Exercise details =
Since the pictures are not wanted, reproduce only the rest of the records, exactly as given.

[Dataset excerpts]

....

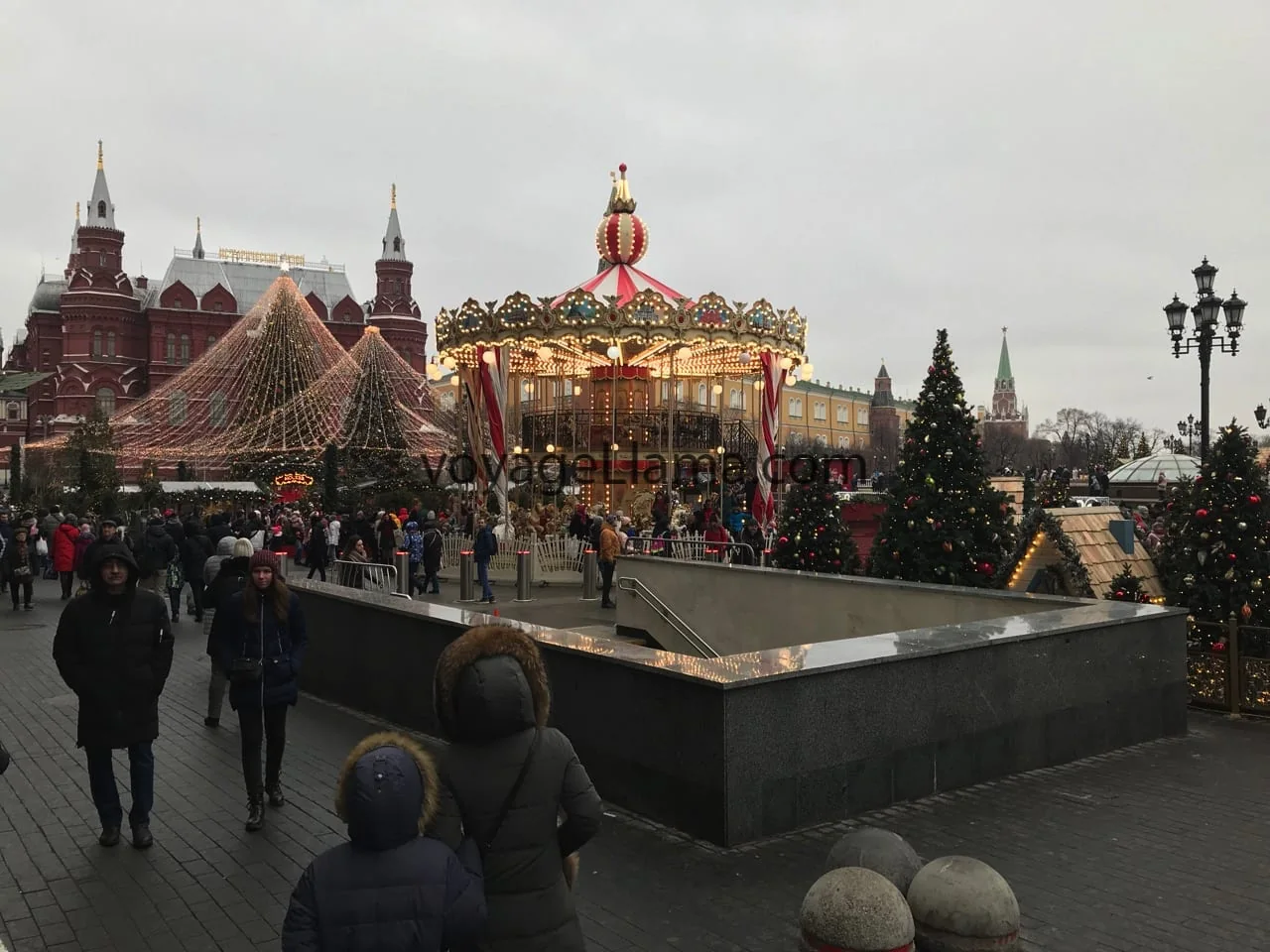 Mercado navideño frente al Kremlin.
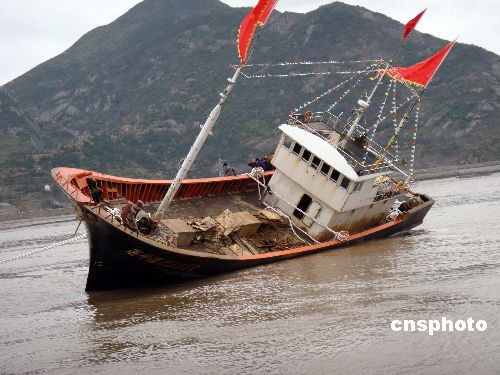图:浙江渔船发生触礁事故 七船员成功获救(2)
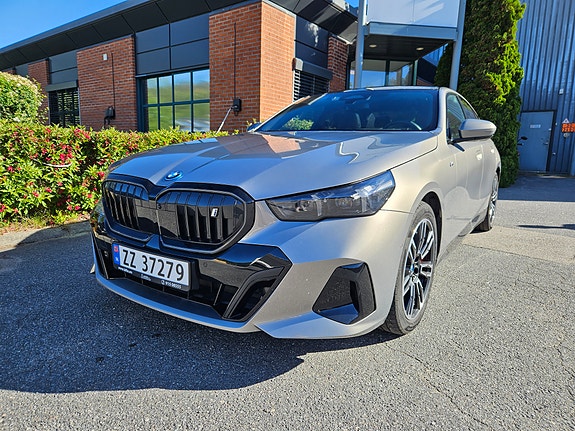 BMW i5 2 of 5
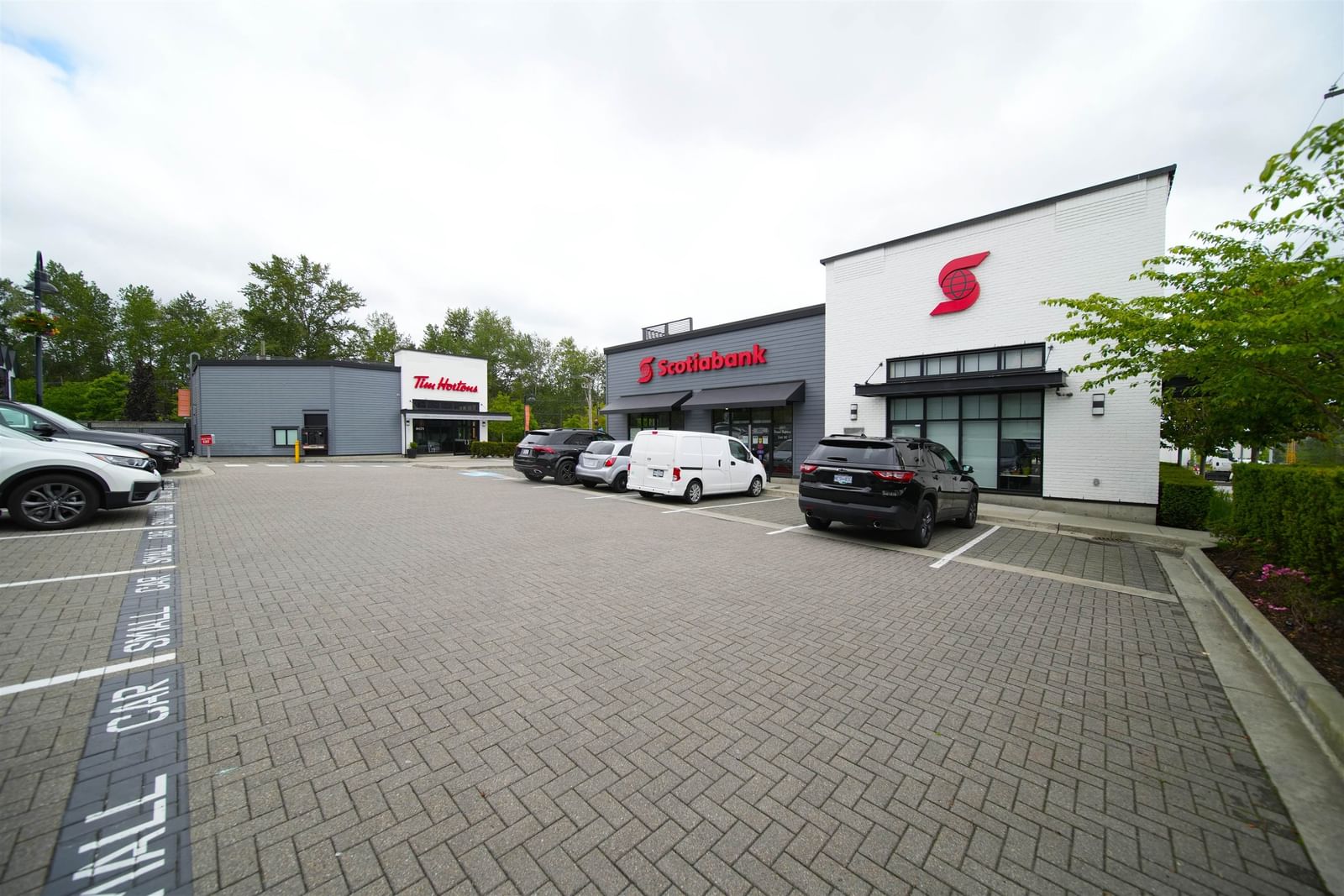 Listing Image 37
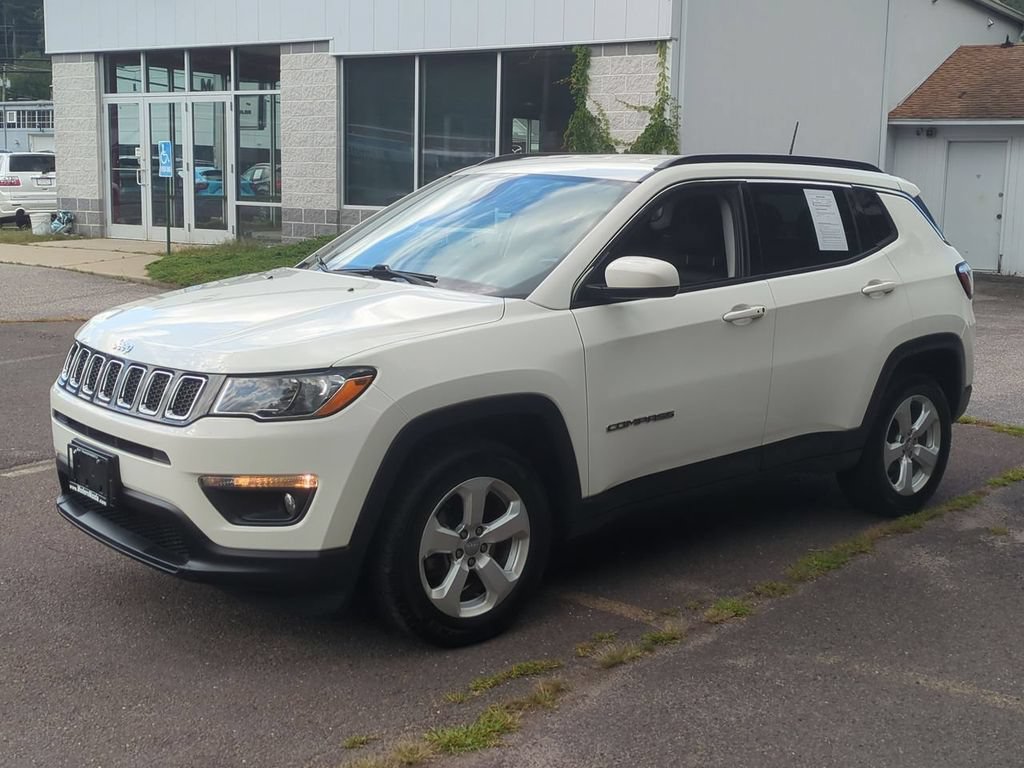 Used 2018 Jeep Compass Latitude w/ Popular Equipment Group AWD/4WD image 8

....

Task answer =
 Mercado navideño frente al Kremlin.
图:浙江渔船发生触礁事故 七船员成功获救(2)
 BMW i5 2 of 5
 Listing Image 37
 Used 2018 Jeep Compass Latitude w/ Popular Equipment Group AWD/4WD image 8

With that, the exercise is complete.